In real usage scenarios, the desired condition of d being much smaller than D (d<<<D) is not always achieved or controllable by the user. In addition, users may not know or be aware that the two channel noise suppressor in such a remote listening system works better when the remote device is much closer to the sound source than to the local device.
Accordingly, one aspect of the disclosure here is an automatic method of changing a noise suppressor mode of operation in a remote listening system, from a two channel noise suppressor to a one channel suppressor, when d (the distance between the remote device and a desired sound source) becomes greater than a threshold. The threshold may be, for example, one half of D (the distance between the desired sound source and the local device.) The threshold represents the situation where the remote device is not placed sufficiently close to the talker or is too far away from the talker (e.g., because the talker moves away from the remote device, or someone has moved the remote device away from the talker.)
In one aspect, the method does not directly measure the distances d and D, but rather measures what may be equivalent, e.g., sound [pressure] levels in the remote microphone signal and in the local microphone signal, the powers of the two microphone signals, root mean square, RMS, values of the two microphone signals, all of which are encompassed here as the strengths of the two microphone signals. A difference between the strengths of the two microphone signals may be equivalent to the ratio between d and D. If the difference, remote microphone strength—local microphone strength, is less than a threshold then this suggests that the remote microphone at distance d is not close enough to the sound source, such that only the remote microphone signal is applied to a single channel input of a single channel noise suppressor. But if the difference is greater than the threshold then this suggests that the remote microphone at distance d is close enough to the sound source, and as such the local and remote microphone signals are applied simultaneously to the two input channels of two channel noise suppressor. In both cases, the noise suppressor produces an output audio signal that contains the desired sound from the sound source (e.g., speech of a talker) but with reduced ambient noise. The output audio signal is provided to drive a speaker in the local device, enabling the user to better hear the desired sound. Using such a method, the automatic change from the two channel noise suppressor to the single channel noise suppressor modes of operation advantageously prevents the system from attenuating the desired sound, when the source of the desired sound is not close enough to the remote microphone.

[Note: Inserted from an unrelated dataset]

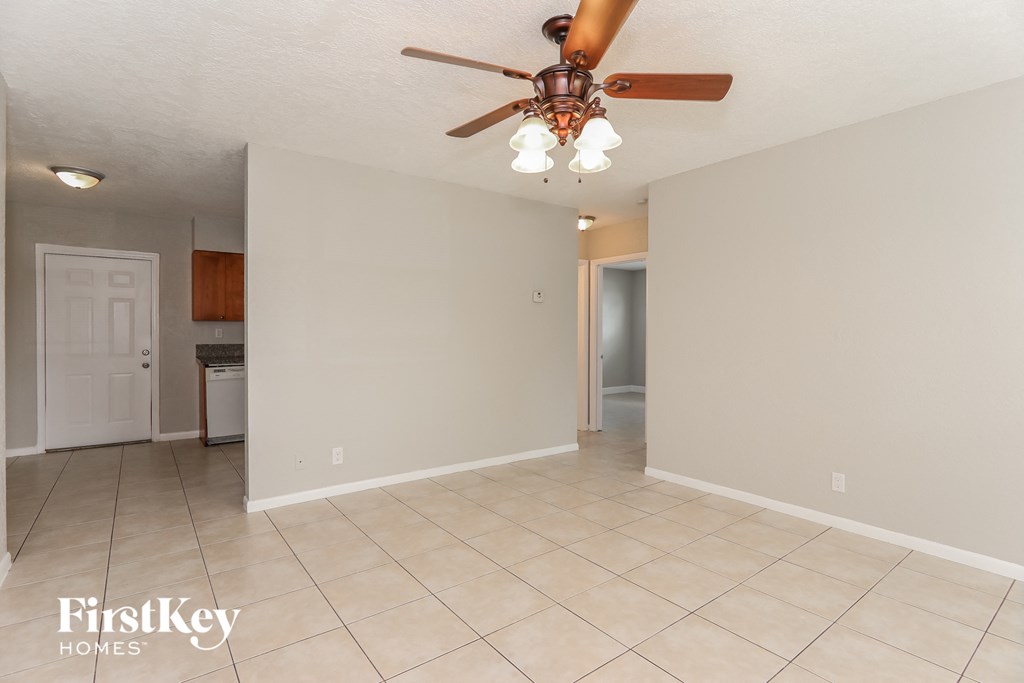 an empty living room with a ceiling fan and a tile floor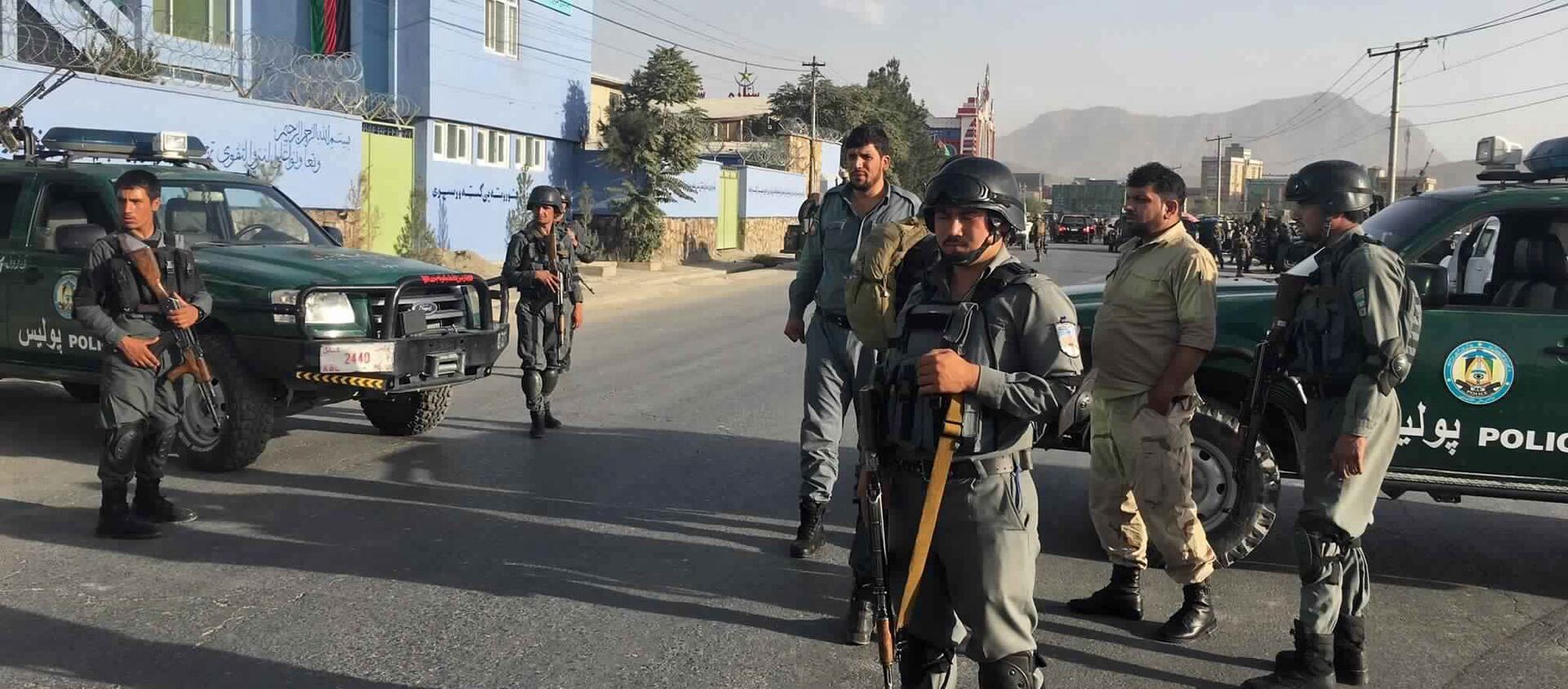 Afghan security police stand guard near the site of a deadly suicide attack outside a cricket stadium, in Kabul, Afghanistan - Sputnik International, 1920, 10.07.2021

In another aspect, an intelligibility enhancer containing a spectral shaping filter and a power normalizer increases the speech intelligibility further without adding additional gain. The intelligibility enhancer may be derived from the speech intelligibility index (SII) models and has been shown to increase speech intelligibility without adding additional gain or strength to the remote microphone signal, in situations where the remote microphone signal may or may not be also processed by a noise suppressor.
The above summary does not include an exhaustive list of all aspects of the present disclosure. It is contemplated that the disclosure includes all systems and methods that can be practiced from all suitable combinations of the various aspects summarized above, as well as those disclosed in the Detailed Description below and particularly pointed out in the Claims section. Such combinations may have particular advantages not specifically recited in the above summary.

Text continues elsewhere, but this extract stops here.